Various urgent online and in-person conversations have ensued. The only directly-meaningful name we came up with was ‘solution-space mapping‘, but several people have disagreed with that, and in any case there is already a well-established usage of the acronym ‘SSM’ in this context, namely Checkland et al’s Soft Systems Methodology.
There’s a long-standing software tradition of assigning arbitrary names as working-titles for projects. Someone suggested ‘Eric’, which was a name they’d used when developing an IT system for an airline, and which reminded me of a nonsense-phrase I’ve often used, that “anything unknown is called Fred”.
But even an arbitrary proper-name seems too concrete for something that is necessarily abstract and, as a name, necessarily temporary. We couldn’t think of any meaningful acronym, so we played with sounds for a while, until someone came up with this:
It’s the sound of the penny dropping, as someone ‘gets it’; the small bright sound that the imaginary light-bulb makes at the ‘Aha!’ moment in solution-space. A quick, recursive echo of a sound. And it’s also a contraction of what this name really is: a temporary inconvenience.
Since it’s clear we’re not even allowed to use the name of the framework that this isn’t in order to describe what it isn’t, we would have to apply the same process to give us a temporary name for that.
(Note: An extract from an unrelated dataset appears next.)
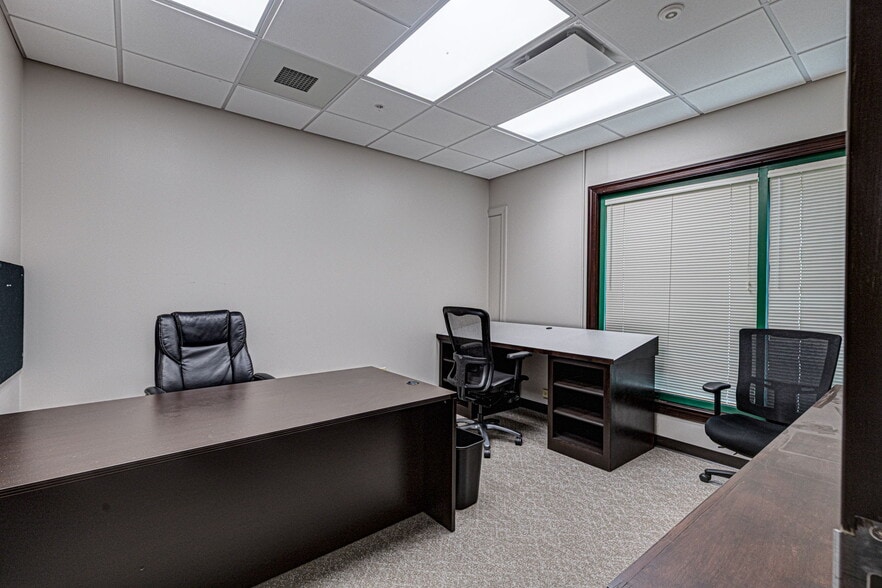 More Photos Of 1100 Brookstone Centre Pky, Columbus Office Residential For Sale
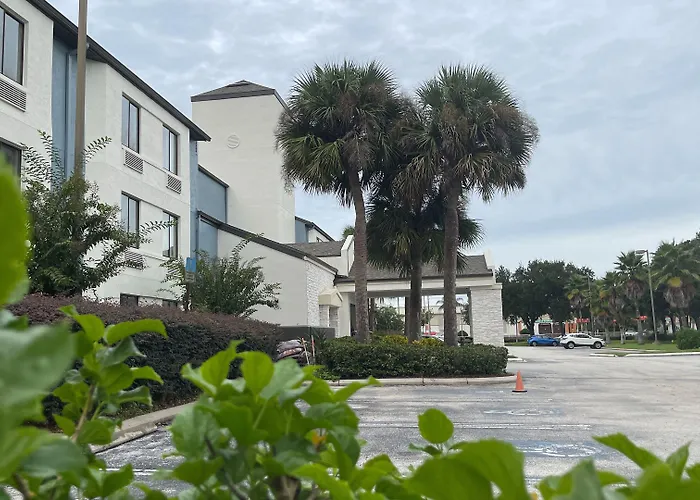 Destiny Palms Hotel Maingate West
So we might note that in Welsh the plosive sound ‘toof!’ would be spelt as twf, which should give us a relatively-safe acronym for That Welsh Framework. (‘Twf‘ is also the name of the Welsh Language Board website, by the way – “Cymraeg o’r Crud, Two Languages from Day One”.)
So there we have it: tinc, for the framework, and twf, for the-framework-that-it-isn’t. A temporary inconvenience, but it’ll have to do for now.